Action item = Without including any pictures, give back all of the data exactly.
_ _ _ _
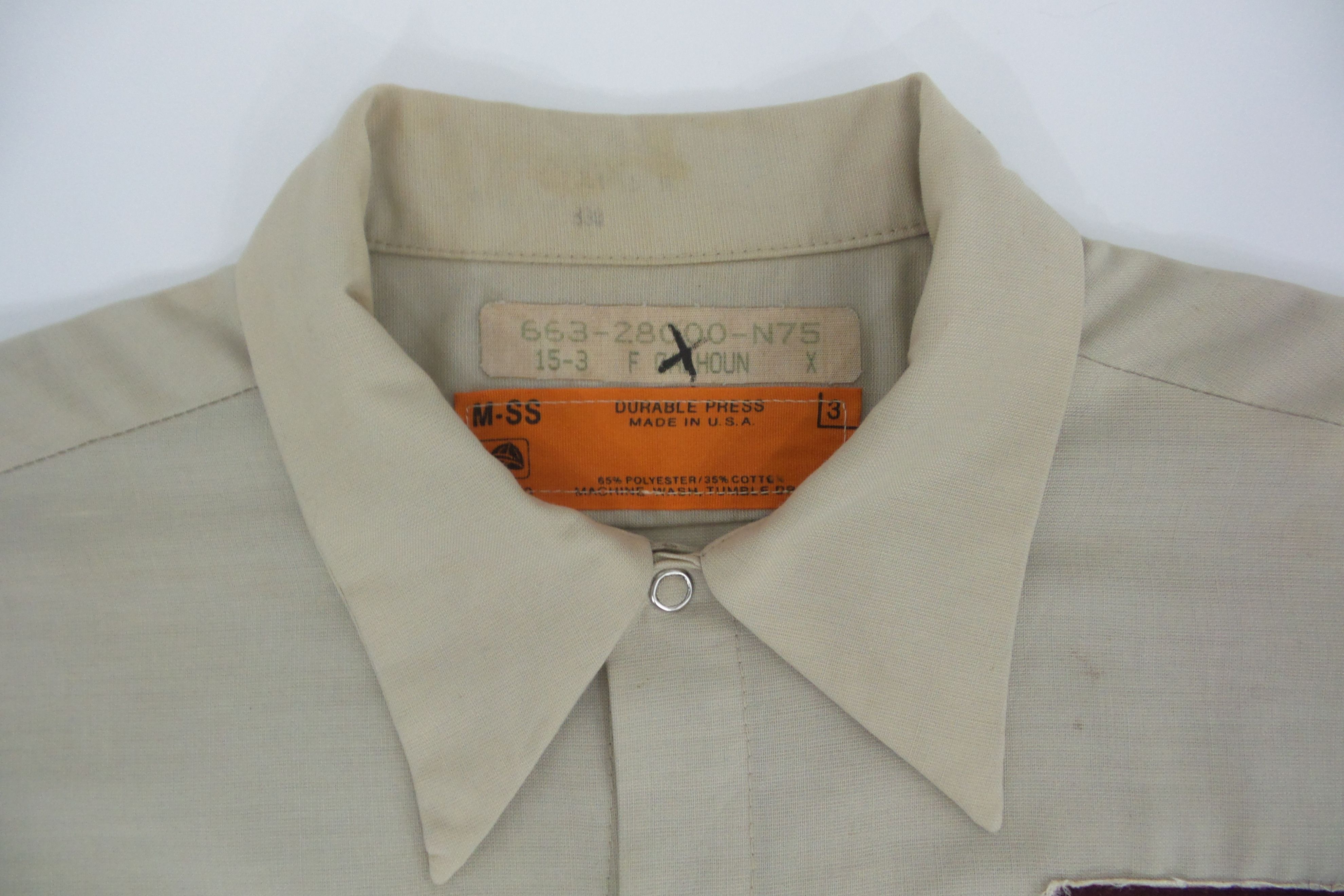 Vintage 60's Durable Press Double Pocket Workers Shirts Size US M / EU 48-50 / 2 - 2 Thumbnail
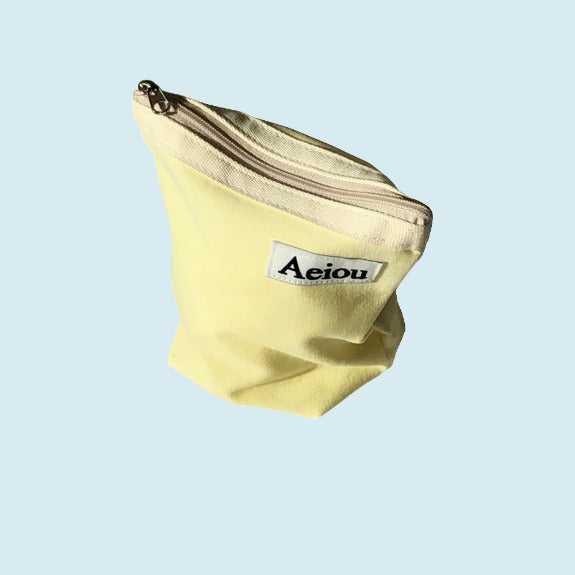 Aeiou Basic Pouch (M size) Lemon Juice Aeiou  DKshop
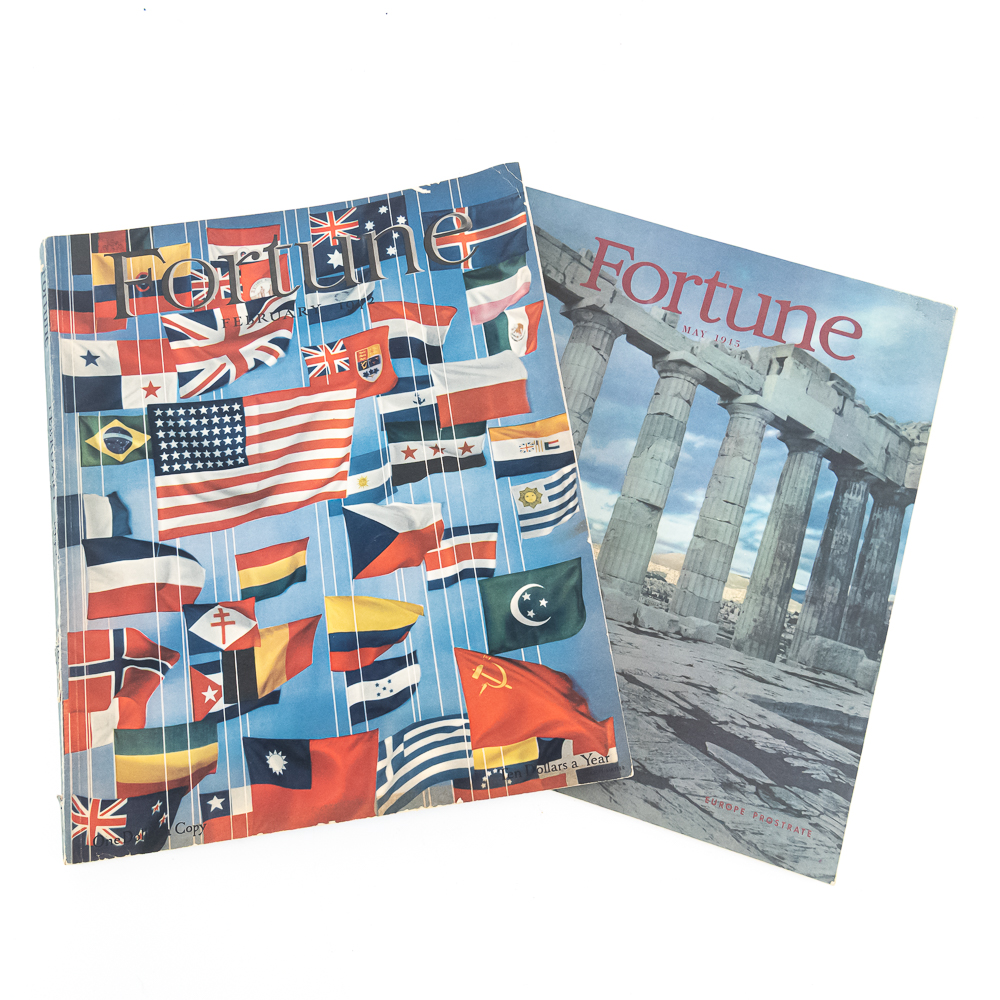 2 Fortune Magazines February 1942 and May 1945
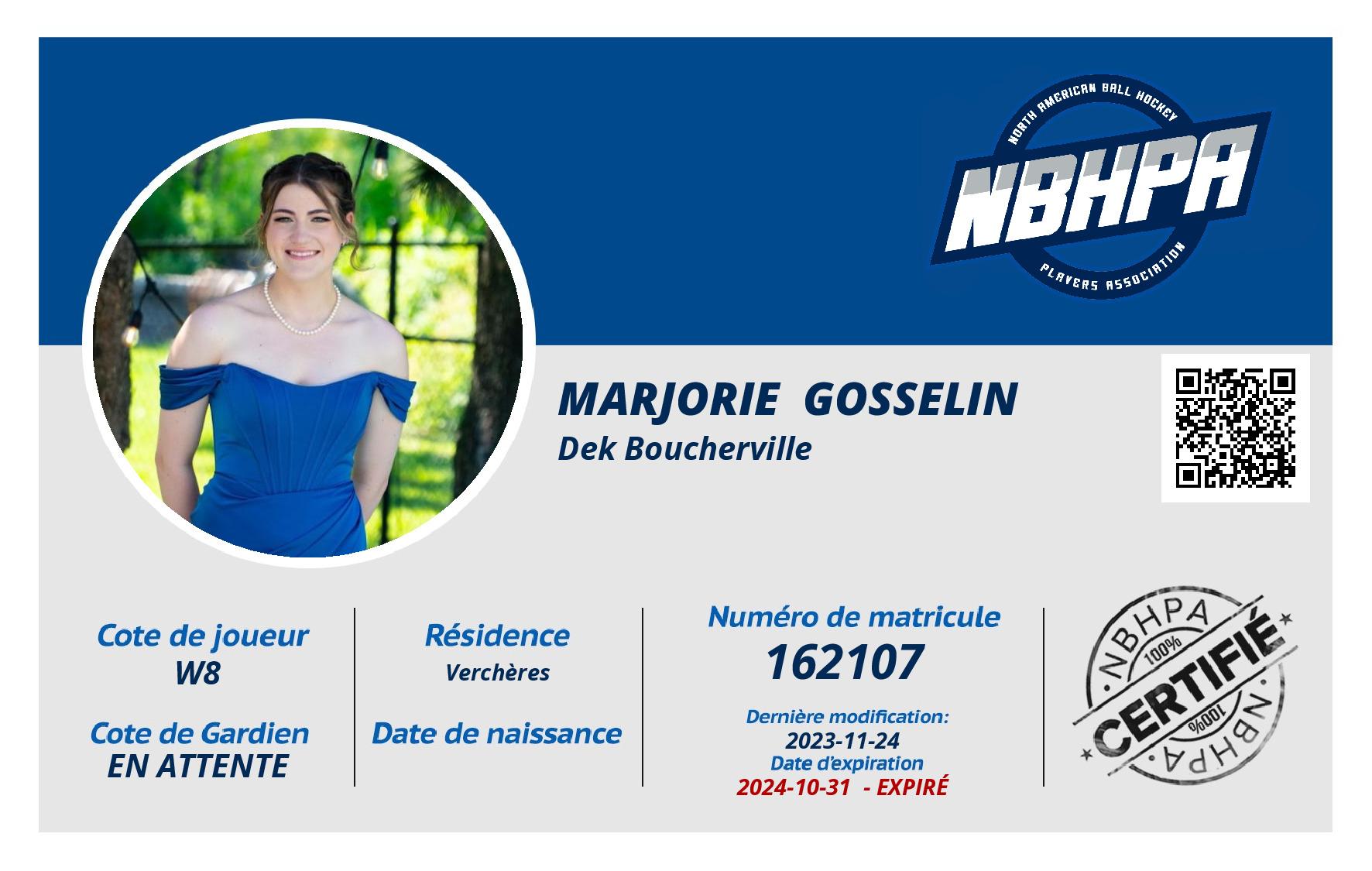Marjorie  Gosselin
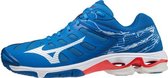 Mizuno Wave Voltage - Sportschoenen - blauw/wit/oranje - maat 38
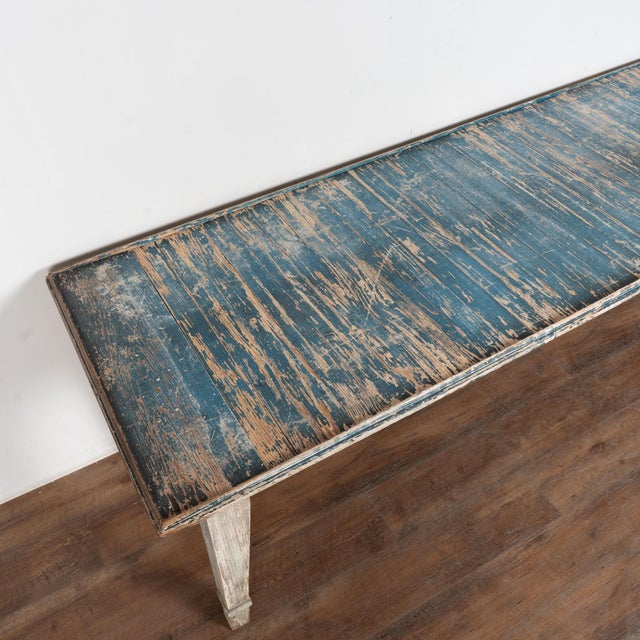 Early 20th Century Original Painted French Long Dining or Console Table For Sale - Image 4 of 14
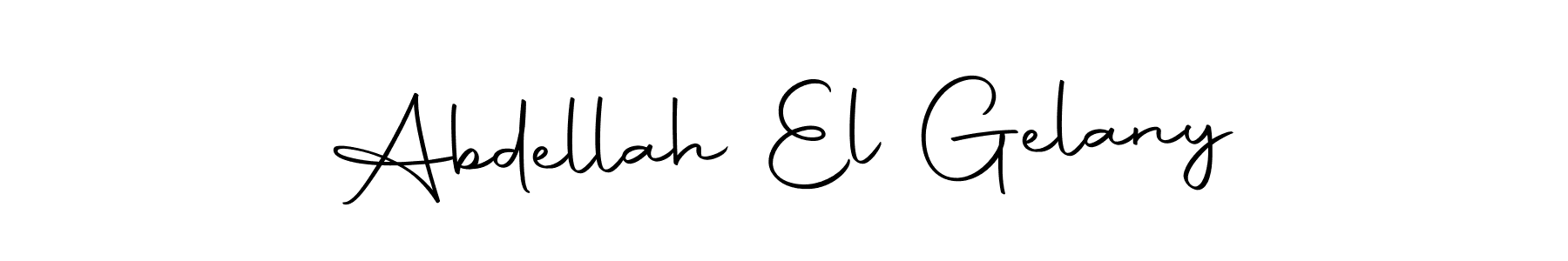 It looks lik you need a new signature style for name Abdellah El Gelany. Design unique handwritten (Autography-DOLnW) signature with our free signature maker in just a few clicks. Abdellah El Gelany signature style 10 images and pictures png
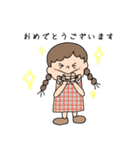 みつあみちゃん、時々あにまるず（個別スタンプ：15）
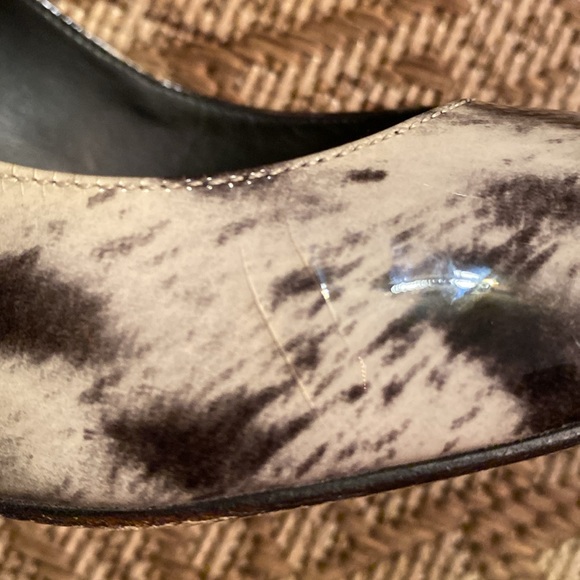 Antonio Melani Patent Leather Animal Print Heels Size 9M - Picture 8 of 9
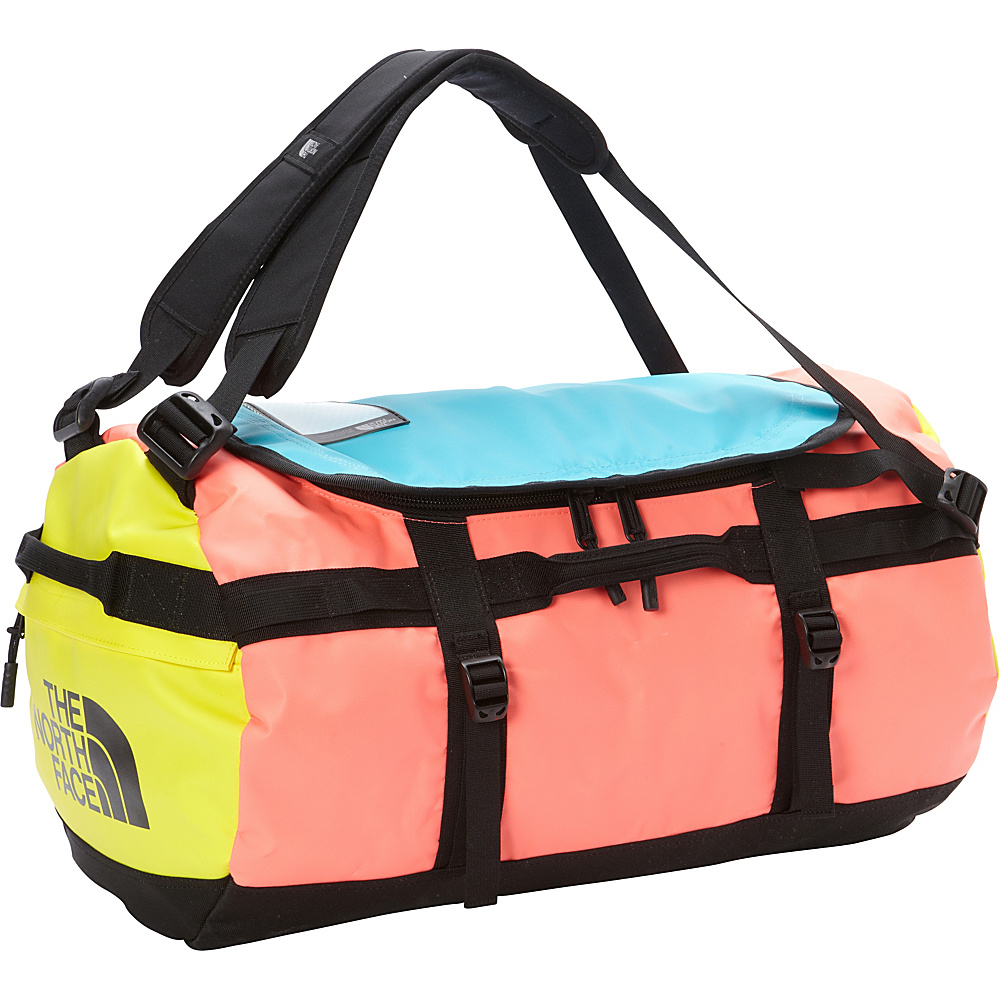 The North Face Base Camp Duffel Small Tropical Coral Blazing Yellow The North Face All Purpose Duffels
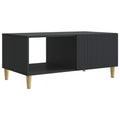 vidaXL Stolik kawowy Czarny 90 x 50 x 40 cm Drewno inżynieryjne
_ _ _ _
Exercise answer =
 Vintage 60's Durable Press Double Pocket Workers Shirts Size US M / EU 48-50 / 2 - 2 Thumbnail
 Aeiou Basic Pouch (M size) Lemon Juice Aeiou  DKshop
 2 Fortune Magazines February 1942 and May 1945
Marjorie  Gosselin
 Mizuno Wave Voltage - Sportschoenen - blauw/wit/oranje - maat 38
 Early 20th Century Original Painted French Long Dining or Console Table For Sale - Image 4 of 14
 It looks lik you need a new signature style for name Abdellah El Gelany. Design unique handwritten (Autography-DOLnW) signature with our free signature maker in just a few clicks. Abdellah El Gelany signature style 10 images and pictures png
 みつあみちゃん、時々あにまるず（個別スタンプ：15）
 Antonio Melani Patent Leather Animal Print Heels Size 9M - Picture 8 of 9
 The North Face Base Camp Duffel Small Tropical Coral Blazing Yellow The North Face All Purpose Duffels
 vidaXL Stolik kawowy Czarny 90 x 50 x 40 cm Drewno inżynieryjne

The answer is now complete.